Network providers are quizzed about which pieces of information they give to public officials

by Andrew Roach on January 27, 2014

The past year has seen both the tech and telecom worlds enveloped in a huge debate over just how private and confidential data is used by government agencies in the wake of huge intelligence scandals that have involved agencies across the world.

After Canadian intelligent bodies came under intense scrutiny over the past few months, an independent body has started to reach out to some of the biggest telecom companies in the country in a bid to learn what information is usually passed over.

The survey is expected to feature responses from many of the biggest companies in Canada including Rogers, Bell and Telus who dominate the domestic telecom market.

The survey, led by the University of Toronto’s Citizen Lab, are looking to get an overall indication of just what the situation is regarding data access in the country.

In order to get an accurate representation, the survey will look to create a detailed picture of the requests that telcos have received and reveal just how much networks have passed on to the government each time.

Aside from knowing basic information such as how many requests have been received, the survey will want to know whether more specific information such as locations, text message contents and full call logs were needed by the authorities.

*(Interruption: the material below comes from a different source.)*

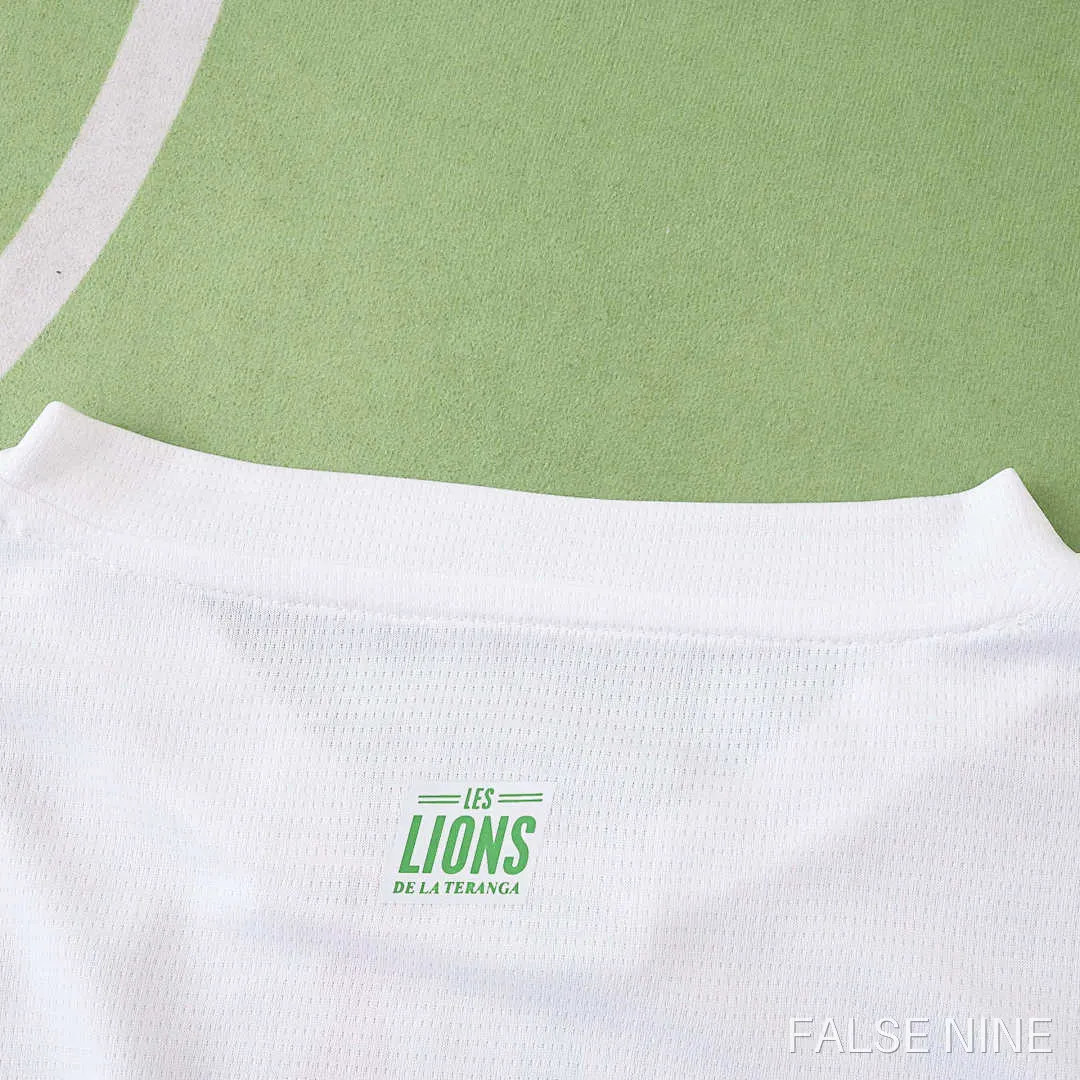 Senegal 2026 Home Shirt (Fan Version), photo 25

It’s a move that the body will hope give a much better indication of how providers have acted with confidential data and whether the authorities have acted lawfully with their requests. This was revealed by survey creator Chris Parsons who explained the reasons for his actions in a blog post stating: “Canadians have had only vague understandings of how, why, and how often Canadian telecommunications providers have disclosed information to government agencies.”

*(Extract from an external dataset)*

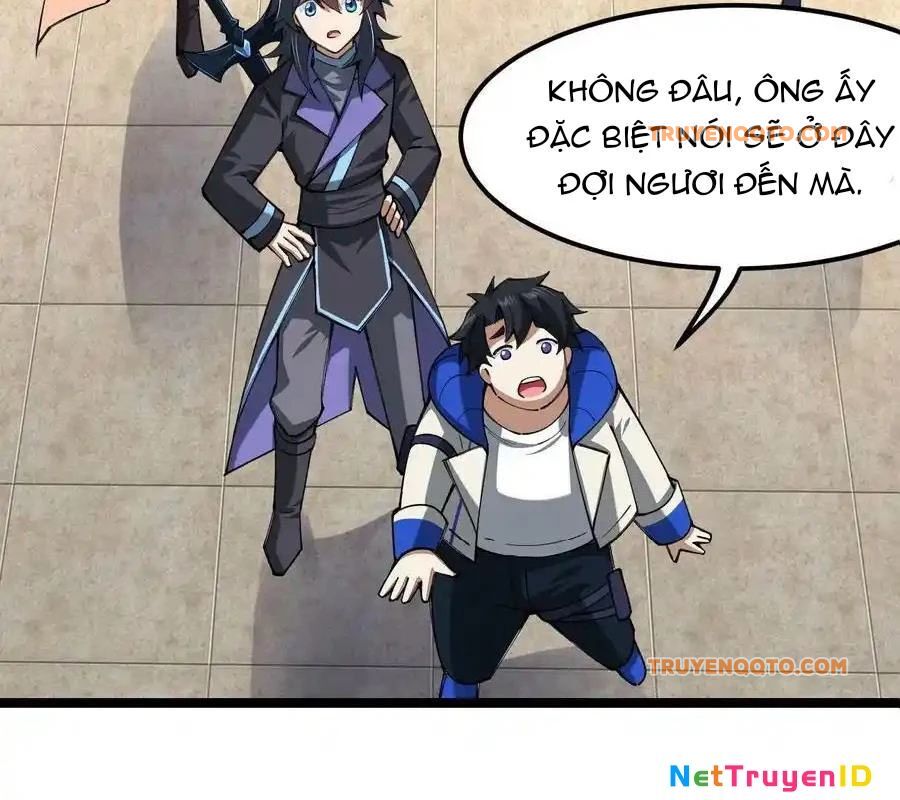 sức mạnh của kiếm thần chapter 59 28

“Given the importance of such systems to Canadians’ lives, and the government’s repeated allegations that more access is needed to ensure the safety of Canadians, more data is needed for scholars, civil rights organizations, and the public,” he added.

It’s a survey that could drum up some interesting results especially when most government agencies require a court warrant to access private data and information from providers.

With that in mind, the research could paint a picture and show to residents nationwide whether their network provider is keeping their personal data as safe as they should be.